I was surprised to learn you are pursuing your MBA. It seems a bit incongruous given what you post, but then that view is probably a bit more simplistic than I'd like it to be. Still, I'd be interested to hear why you're pursuing that course of study or what you plan to do with it.
Some good books that do a better job than Friedman of elucidating the issues you raised here:
Kevin Phillips - Wealth and Democracy
Thomas Frank - One Market Under God
Doug Henwood - After the New Economy
My undergrad work was computer science, which was great for programming computers, but I felt it left a lot out of my education and ability to understand the world.

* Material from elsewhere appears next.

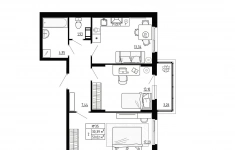 Продам 2 комнатную квартиру 59.02 м2 картинка из объявления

I am enormously interested in economics and some of the prevailing schools of thought in the elite segments of our population. Professionally, I do want to have the skills to do more than I am qualified for currently. An M.B.A. seemed, in theory, to be a good program to pursue given all these interests. I am moderately well read on a lot of issues, and I obviously have some views, so I am not coming in as a blank slate.
I have taken in a lot of useful information from the course that better helps me understand how our system works. Part of this utility is basic training in marketing, economics, etc. And another part of this is inadvertently found in discussions like last night so I know what I am facing.

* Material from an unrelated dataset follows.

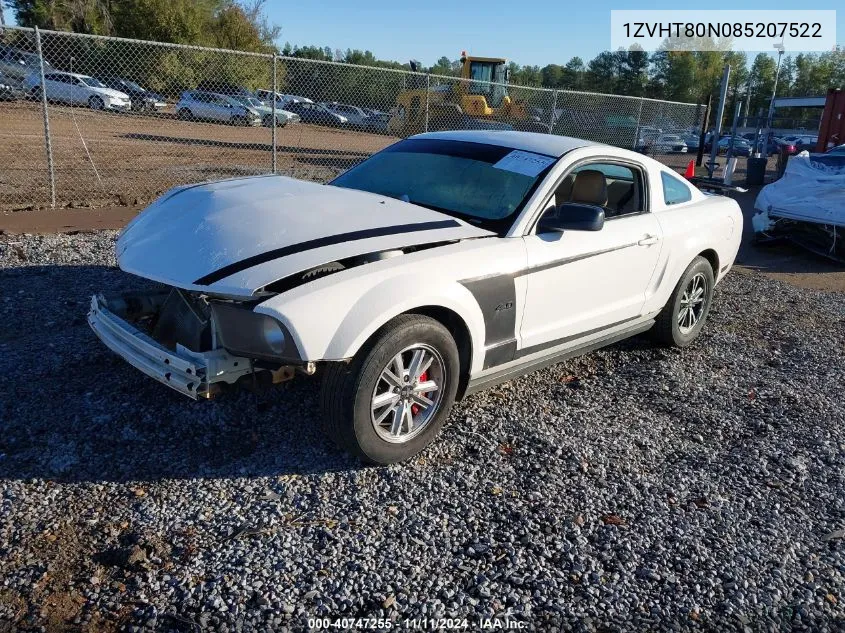 2008 Ford Mustang V6 Deluxe/V6 Premium VIN: 1ZVHT80N085207522 Lot: 40747255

Additionally, I hope to be a lifelong student, pursuing various degrees in topics of interest. I enjoy structured learning.
Professionally, I am at a crossroads. I love programming and doing systems design and would really like to take on bigger projects somewhere. Hopefully the MBA will help me out there. The worst case scenario (and somewhat terrifying) is that I stop caring and trade a bit part in the war for a lead role in a cage, start spouting Friedman, and yes, I just quoted Pink Floyd. Deal with it.
Great post. I'm having to read the book for an international relations online course on globalization. Fortunately my professor is wise enough not to let me know his opinions, encouraging to make and defend my own. What enraged me was when Friedman talks about the democratization of finance and gives the cash-loan machines run by Lake here in Japan as an example. What he doesn't say is that those who fail to repay are often paid a visit by Lake-hired yakuza (Japanese mafia) thugs who often convince those who default on their loans to sign over their mortgages to the gangsters and commit suicide. As Friedman says, "How's that for democratizing finance!" (Or something along those lines.)